Ellie wasn't on our list last year. Now it's No. 307.
Shortly after Ellie Mental Health started franchising in 2021, the company hosted its first discovery day at its very first clinic in Saint Paul, Minnesota. Four potential franchisees showed up. The next month, it was five people. And by month three — in October 2021 — 40 people and 17 groups came in looking to buy a territory.
Chris Pash, Ellie's senior vice president of growth and development, was floored — not just by how many people were interested in opening a therapy-based franchise business, but by how vulnerable they were with their personal stories.
"I would ask them, 'Why Ellie? Why mental health?'" says Pash. "And they all would share these stories that were emotional and deep. They were really going deep in the first five minutes of meeting me." They mentioned children who were unable to find anxiety support or cousins who'd attempted suicide. Those personal connections, says Pash, are how he knew Ellie was onto something big.
Related: Making Your Community The Secret Weapon in Rapid Franchise Expansion
As you've surely noticed, it's been a rough few years. There's an opioid crisis, political and economic instability, and by-the-minute war updates. Take your pick. Nine in 10 people say they believe the U.S. is suffering from a mental health crisis, according to a survey from KFF/CNN. And Ellie gives entrepreneurs a chance to help.
Pash doesn't deny the good fortune of having the right product at the right time. But it takes more than that to make a sale, he says. One of Ellie's major strengths is that it offers a third option for clinicians who've traditionally had to choose between opening a private practice or working in a big healthcare system.
As Pash explains it, with a private practice, clinicians must run the entire business on their own. And in healthcare systems, they're basically paid labor with no say in how things operate. "Ellie sits in the middle, with the safety and security of a big organization and the freedom and flexibility of a small organization," he says.
The pitch seems to be working. The company opened its first franchise location in July 2022. By the end of the year, it had 37, and the growth shows no sign of slowing. To date, Ellie has awarded more than 600 franchise units. It went from not even appearing on the Franchise 500 list to topping more than 193 other brands. "It'll be a busy couple of years for us," Pash says. It turns out, there are a lot of people who want to help.
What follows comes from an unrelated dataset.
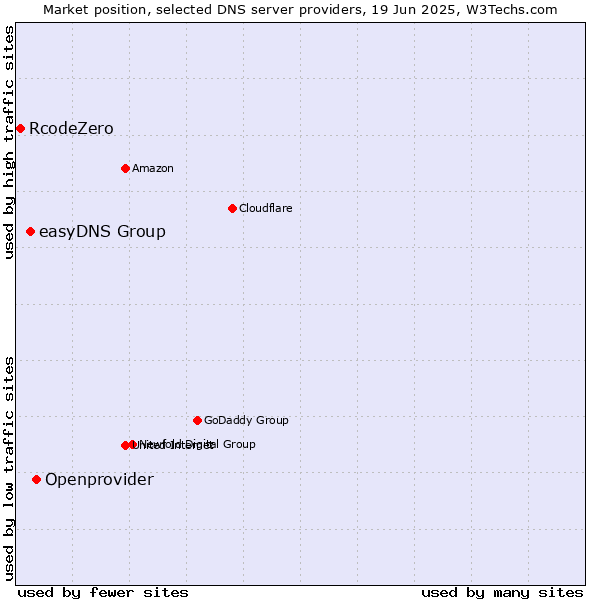 Market position of Openprovider vs. easyDNS Group vs. RcodeZero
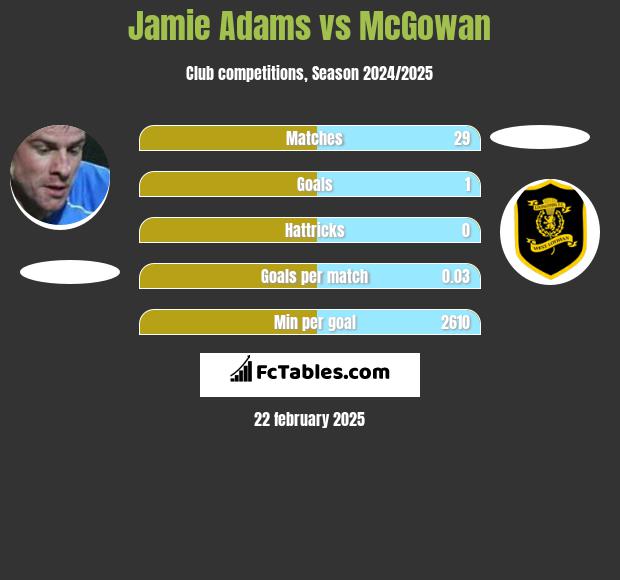 Jamie Adams vs McGowan h2h player stats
How Zoom Room Jumped 189 Spots
After a rough patch, this dog-training franchise put itself in time-out — and emerged as a well-behaving business.
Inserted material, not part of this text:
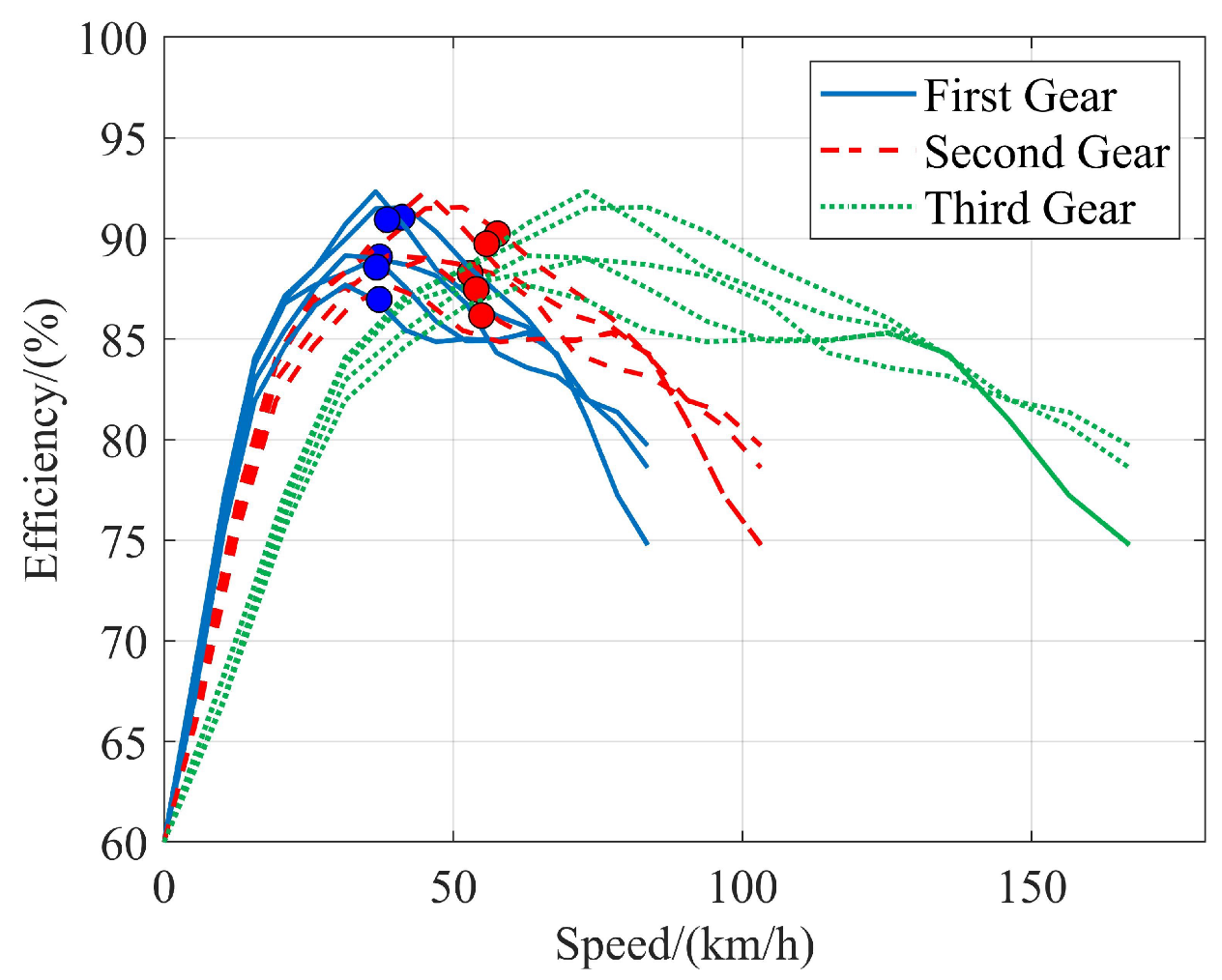 Energies 15 04149 g011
Zoom Room was No. 464 on our list last year. Now it's No. 275.
Zoom Room expected to have 45 total locations open by the end of 2023. It hit more than 60. That growth caps an incredible turnaround story.
Zoom Room's past troubles are notorious. Shortly after it started franchising in 2009, the company made some bad deals. It was "picking the wrong franchisees and growing without a plan," says Mark Van Wye, who was the company's COO at the time.
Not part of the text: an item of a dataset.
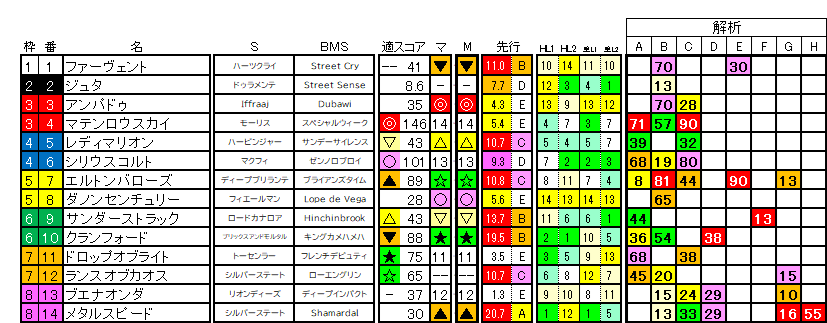 2026　関屋記念　ラップ適性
In 2016, the year Van Wye took over as CEO, the franchise had just 10 locations — down from 14 the year prior. So his first act was to implement a two-year moratorium on sales of new franchised locations. He used the hiatus to build out the support team, bring on a VC partner, and improve unit economics.
Related: We Crunched 5 Years of Franchise Industry Data. Here Are 4 Big Trends You Should Know About.
Eventually, the company started growing again. And Van Wye's ambitions kept pace. "We really want to jump to 500 [locations] and then 2,000," he says. "Our goal is to make Zoom Rooms synonymous with dog training."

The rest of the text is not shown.